_WORK REQUEST:_ Further down are entries; set down exactly and only the lines from the one with "岱宗坊-泰安市必去景点" up to and including the one with "Peristyle Cave Cappadocia - Special Class", dropping each picture.

_EXTRACTED RECORDS:_
Start of Block

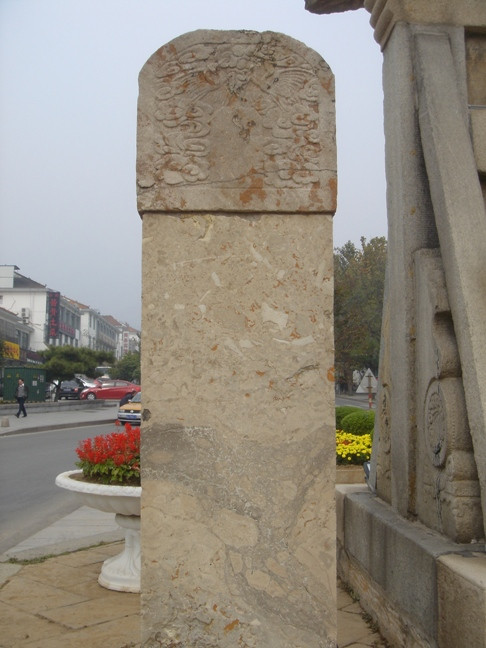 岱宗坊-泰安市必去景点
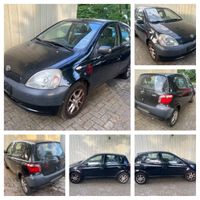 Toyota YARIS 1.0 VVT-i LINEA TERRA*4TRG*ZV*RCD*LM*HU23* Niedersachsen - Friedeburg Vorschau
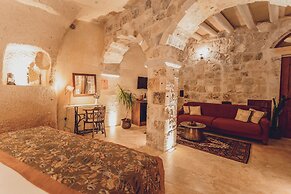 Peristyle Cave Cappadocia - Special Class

End of Block
Start of Block

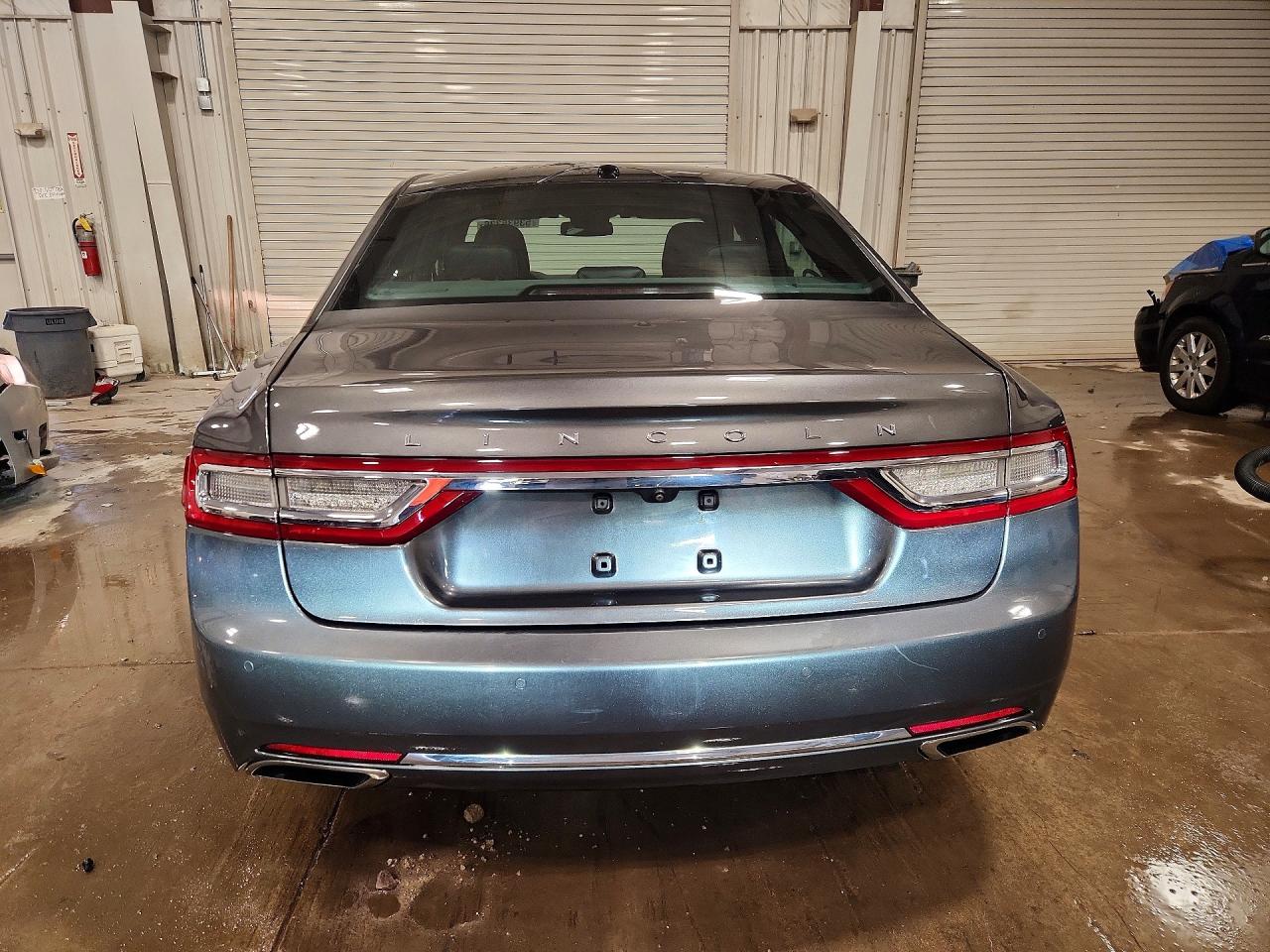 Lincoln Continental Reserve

End of Block

_RESPONSE FOR THIS EXERCISE:_
 岱宗坊-泰安市必去景点
 Toyota YARIS 1.0 VVT-i LINEA TERRA*4TRG*ZV*RCD*LM*HU23* Niedersachsen - Friedeburg Vorschau
 Peristyle Cave Cappadocia - Special Class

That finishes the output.